This past December, I had my big holiday party as I do every year. I invited everyone I know, cooked for days, bought some basics for the bar, and opened my doors for the revelry. Whenever people asked what they should bring, I always said the same thing: “A bottle of whatever you feel like drinking.” Without fail, I always end up with a wealth of half consumed booze left behind. Some I like and end up consuming the traditional way; others that I’m not so crazy about sipping find their way into my recipies. Thus begins the ballad of a bottle of chardonnay that was wreckless eyeballing me EVERY TIME I went into the kitchen. I’m a fan of Big Sean’s hit song as much as the next chick, (don’t tell anyone, but I even had it as a ringtone) but chardonnay is not my white of choice. If I’m drinking white wine, typically it’s a riesling or if that isn’t available, pinot.
What was I going to do with a well-intended bottle of grocery store chardonnay? I remembered a dish I’d had a few months ago. It was the first time I had mussels. I know, I know. What kind of foodie could I possibly be if I JUST tasted mussels a few months ago? Well, folks, I used to be a bit finicky. My palate was not always what it is now and I had avoided those bad boys for years, quite deliberately. Anyway, I was on a date and my gentleman caller ordered mussels in a white wine sauce. They were so.damn.good. The evening was so….*sigh*. Delightful company, a moonlit night, with wine and wine sauce and bread and the mussels. All yummy everything. I started to search wine recipes on the ‘net and soon I stumbled on what looked to be a solid recipe for mussels with white wine sauce. As I read through the steps, I couldn’t stop thinking about the slightly crusty yet soft French bread that accompanied the dish and how it absorbed the last drops of the sauce in the bowl.
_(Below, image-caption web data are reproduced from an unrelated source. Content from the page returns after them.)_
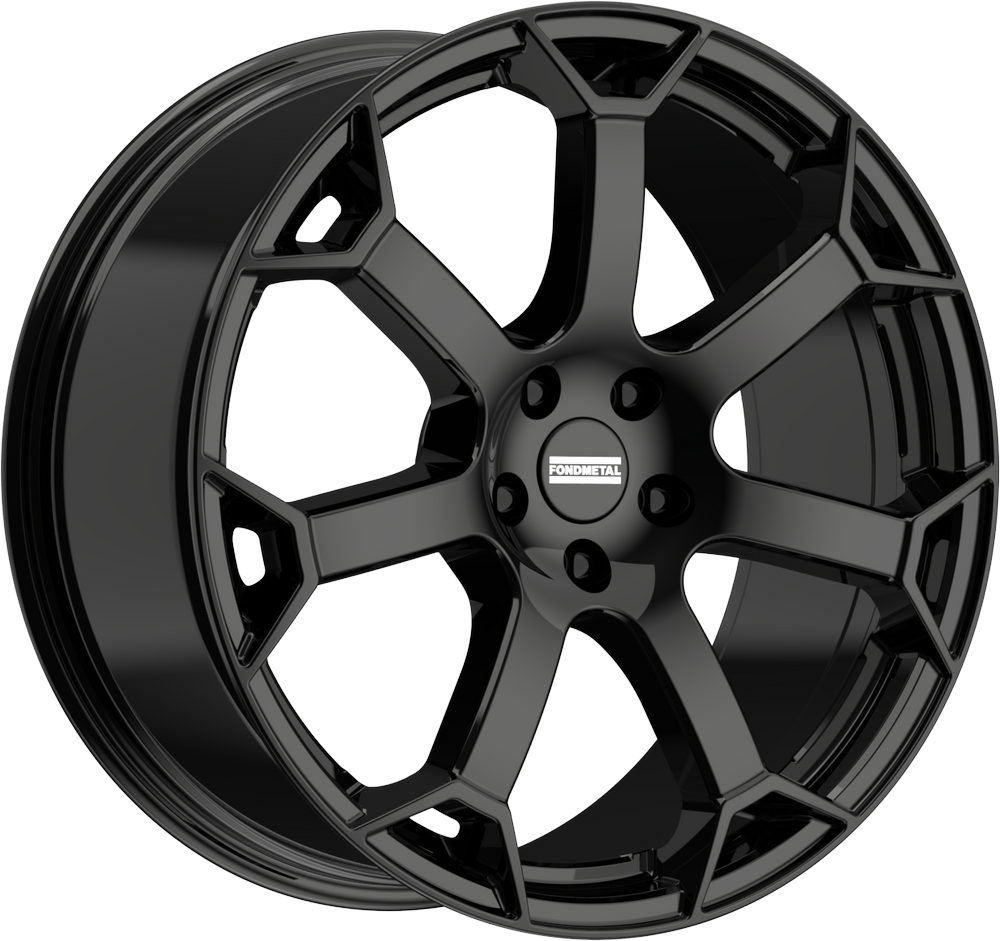Informacin de FONDMETAL ZEPHYRUS, GLOSSY BLACK, 5X112, 19 x 8.5"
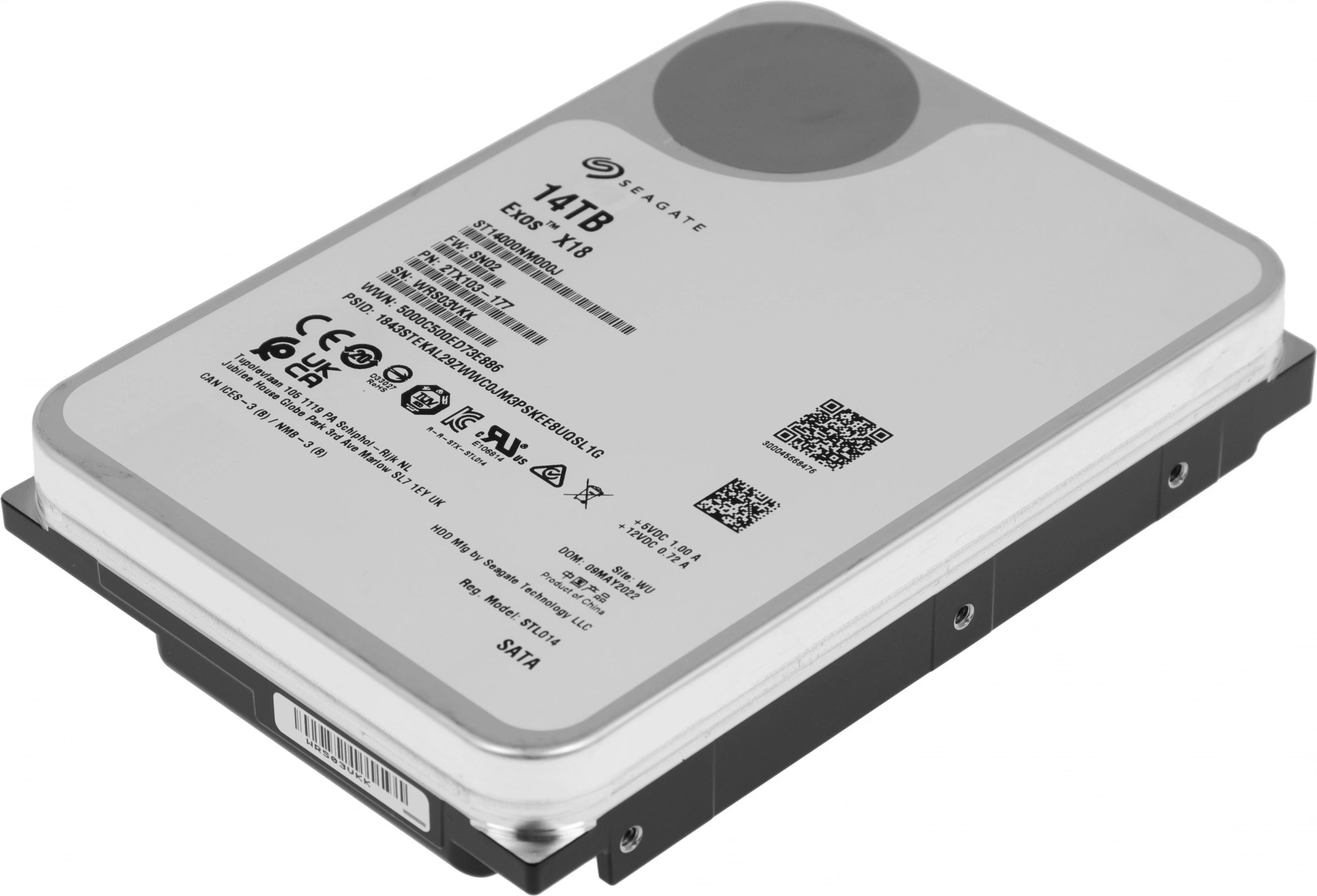 Жесткий диск Seagate SATA-III 14TB ST14000NM000J Exos X18 4KN (7200rpm) 256Mb 3.5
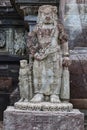 statues or reliefs in the Penataran temple complex. Royalty Free Stock Photo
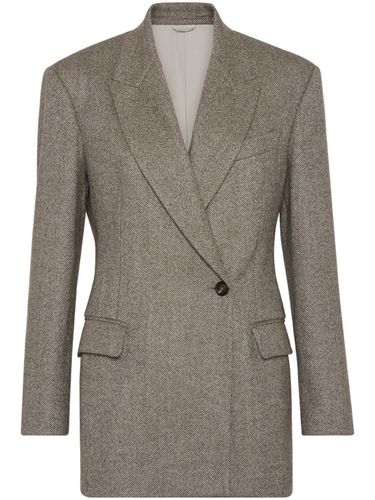 Wool Blazer Jacket - Brunello Cucinelli - Modalova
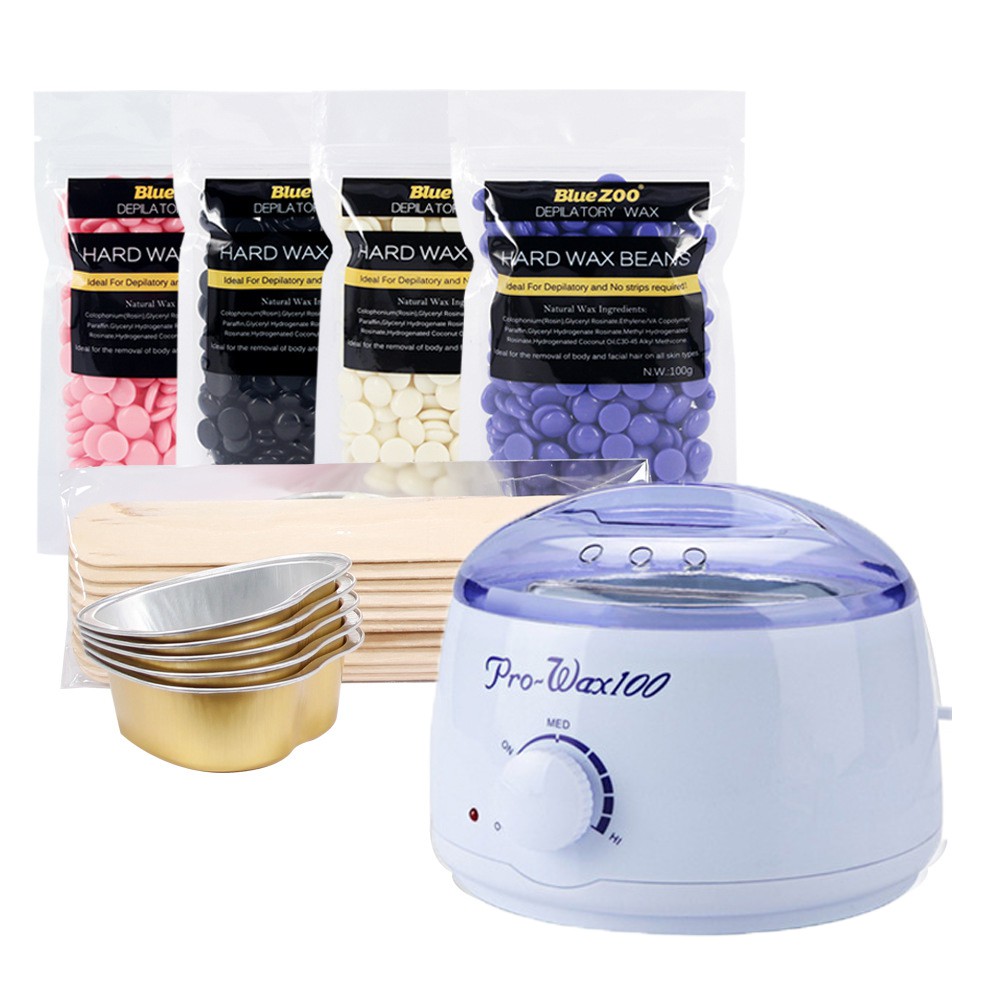 Hair Removal Waxing Kit Electric Hot Wax Warmer With 4 Different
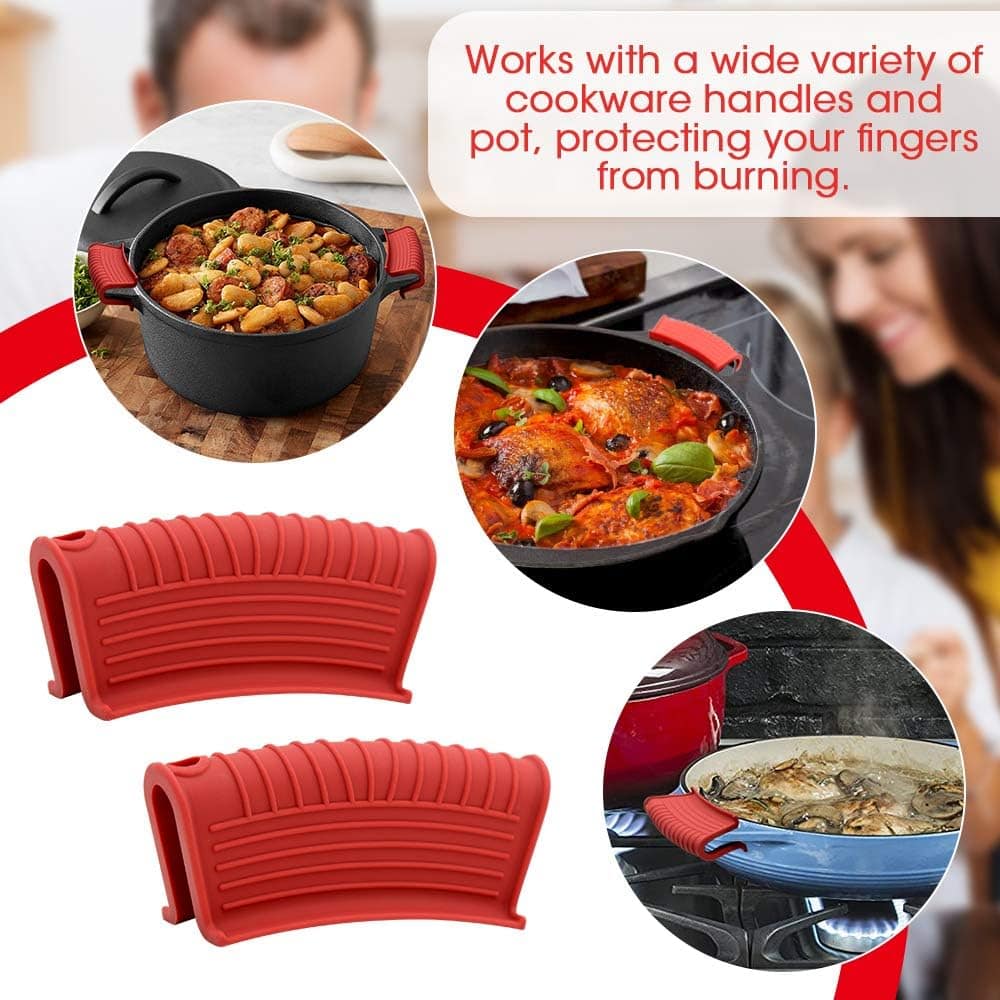AHIW Suporte de silicone para panela quente com alça de frig... - Image 6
All I could think of recreating the meal.
I dressed hurriedly and rushed to the fish market even though it was dark and FREEZING outside. When I got to the market and they were all out of mussels. They did have loads of shrimp of all types and sizes. Well, necessity certainly is the mother of invention. My wheels started turning faster. I copped two pounds of tiger shrimp and rushed home to reinvent my new favorite meal. It’s supereasy, EXTREMELY delicious and is more visually pleasing than it is difficult to create. Perfect for a chilly romantic night at home. Oh, and you can serve the shrimp over pasta for a heartier meal or as a quick way to jazz up the leftovers!
- 1-2 tablespoons olive oil
- 2 tablespoons butter
- 4 cloves garlic chopped (or 3 tablespoons minced garlic)
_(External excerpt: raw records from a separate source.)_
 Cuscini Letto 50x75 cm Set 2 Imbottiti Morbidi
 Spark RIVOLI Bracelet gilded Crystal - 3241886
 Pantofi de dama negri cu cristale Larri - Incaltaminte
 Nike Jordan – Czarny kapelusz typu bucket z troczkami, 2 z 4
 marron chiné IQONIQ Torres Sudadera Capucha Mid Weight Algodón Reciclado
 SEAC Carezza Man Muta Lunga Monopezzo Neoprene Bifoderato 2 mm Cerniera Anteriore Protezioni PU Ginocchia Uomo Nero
- ½ teaspoon crushed red pepper
- 1 bunch chopped scallions
- 2 ½ cups dry white wine
- fresh pepper
- 2 lbs large shrimp, peeled & deveined *
- 1 loaf crusty artisan bread (I prefer baguettes)
*If you don’t have a shrimp deveiner, you can use kitchen shears to split the shell and spine of the shrimp to easily remove the vein.
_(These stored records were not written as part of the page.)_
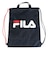 フィラ（FILA）水泳バッグ ロゴナップサック 紺 424800-NV スイミングバッグ プールバッグ ドローストリング
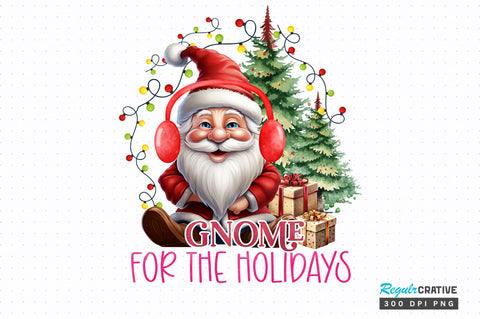 Gnome for the holidays png design Sublimation Regulrcrative 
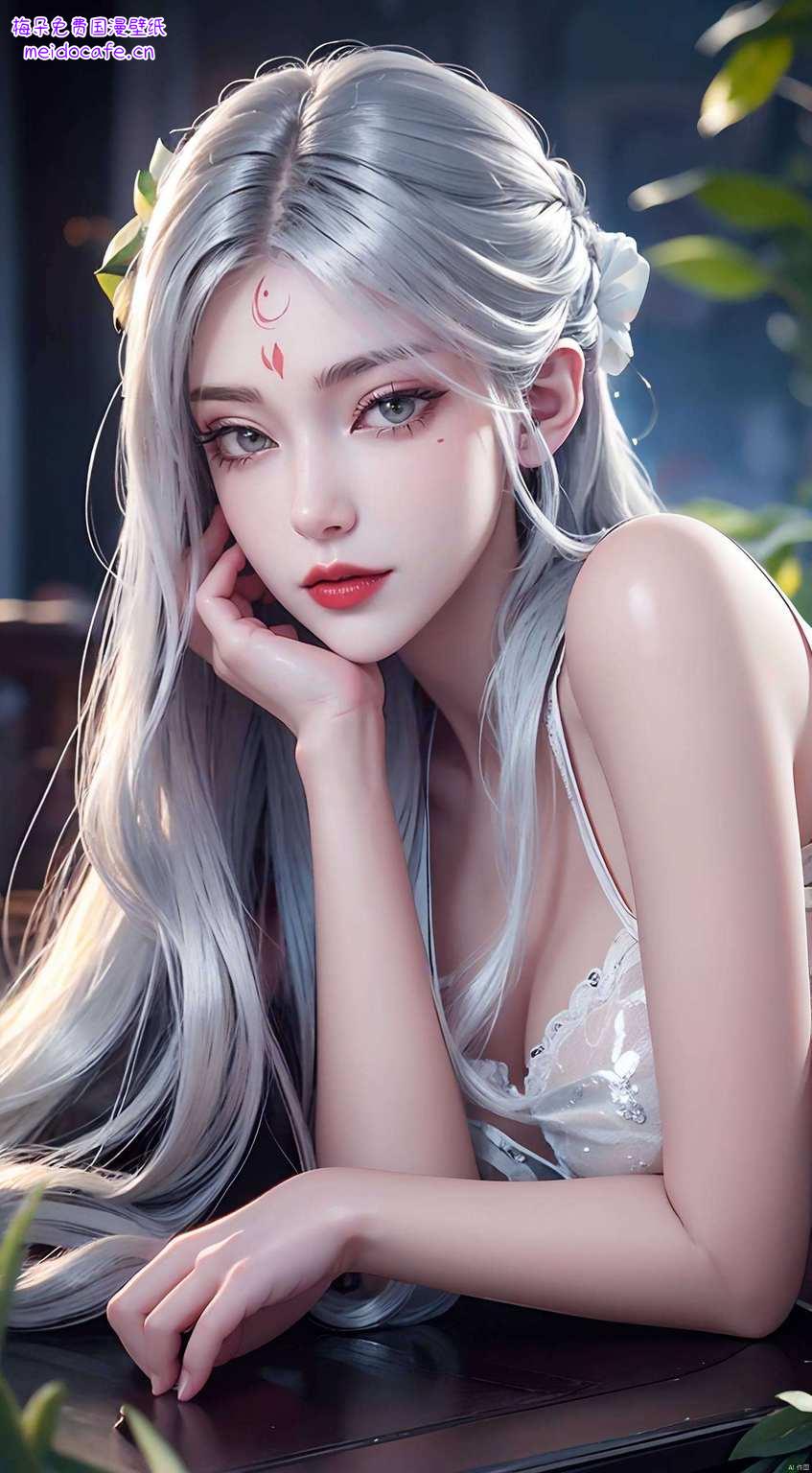 各位视觉探索者们！今天给大家带来一款超级养眼的AI生成大礼——小白壁纸小白仙子翩翩起舞
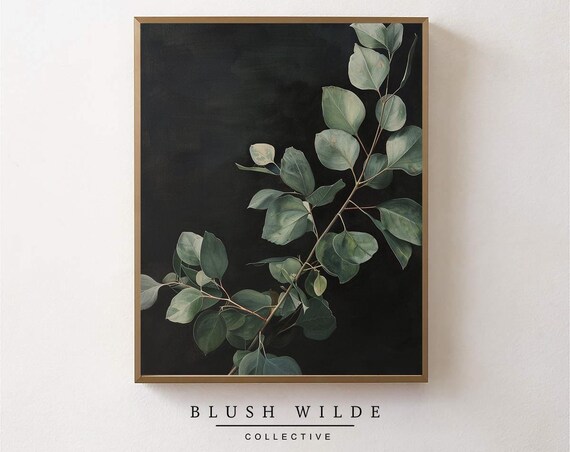 Vintage Eucalyptus Oil Painting Botanical Art Print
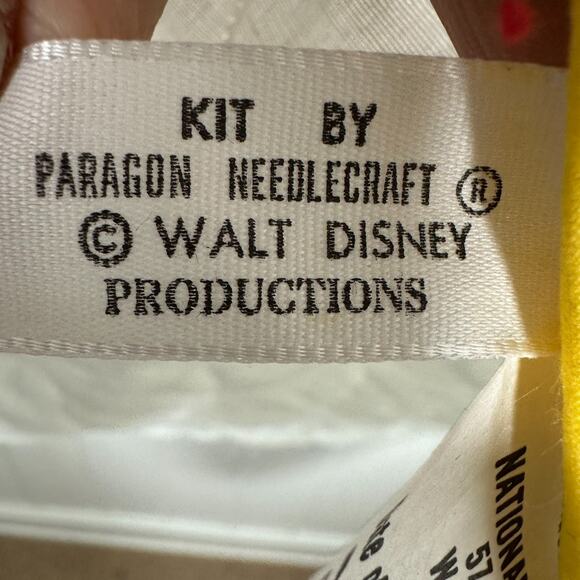 Vintage Stamped Cross Stitch Disney Paragon Dumbo Crib Quilt Kit #0951 42"x30" - Picture 9 of 10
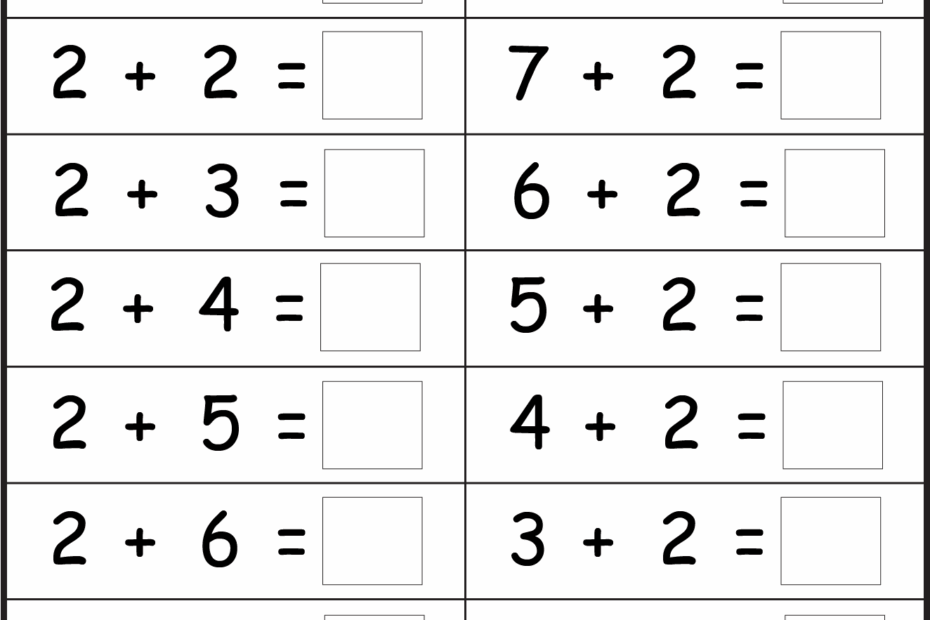 Basic Math Facts Worksheet A Comprehensive Practice Tool Free Worksheets Library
- Preheat oven to 250 degrees.
- Using a serrated knife to slice the bread, but do not separate the loaf.
- Wrap bread in aluminum foil and place in the oven to warm.
- Heat oil, butter and garlic in large sautee’ pan until garlic becomes fragrant, roughly 30 seconds.
- Add crushed pepper and scallions.
- Cook until onions are soft.
- Add wine and cook until liquid is reduced to about ¾ of a cup
- Add shrimp. Cover and cook until shrimp are pink.
- Remove bread from oven, wrap in a napkin and place in a basket.
- Transfer shrimp and sauce into serving bowl.
- Set your table, pour a nice glass of wine and enjoy!